DATA FOR ANALYSIS:
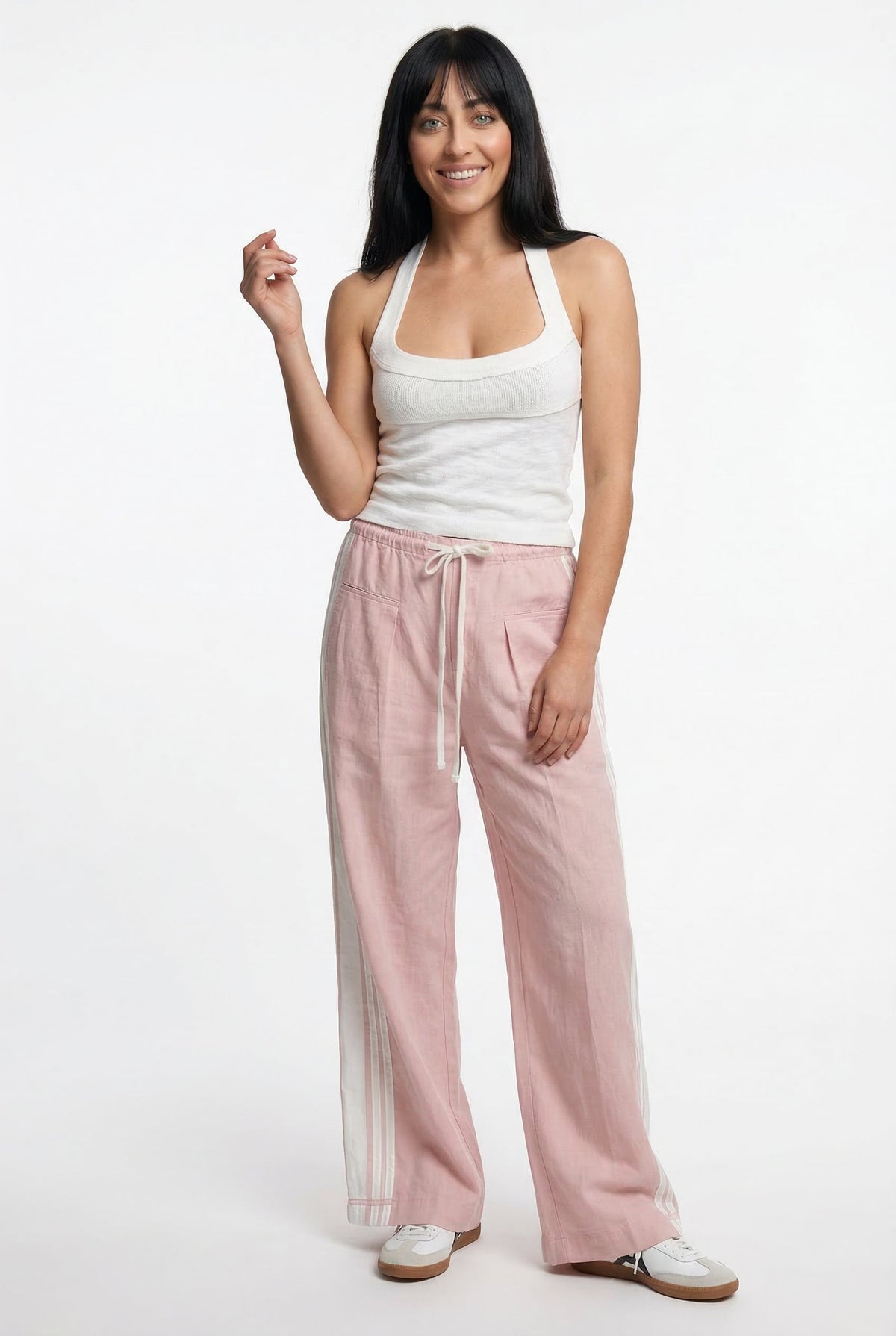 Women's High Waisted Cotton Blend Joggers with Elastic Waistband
* * *
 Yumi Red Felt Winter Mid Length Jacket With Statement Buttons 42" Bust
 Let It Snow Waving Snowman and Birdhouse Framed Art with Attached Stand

WHAT TO DO: Everything starting at the line containing "Yumi Red Felt" and ending at the line containing "Let It Snow" in the records above should be repeated exactly, and only that.

RESULT OF THE EXERCISE:
 Yumi Red Felt Winter Mid Length Jacket With Statement Buttons 42" Bust
 Let It Snow Waving Snowman and Birdhouse Framed Art with Attached Stand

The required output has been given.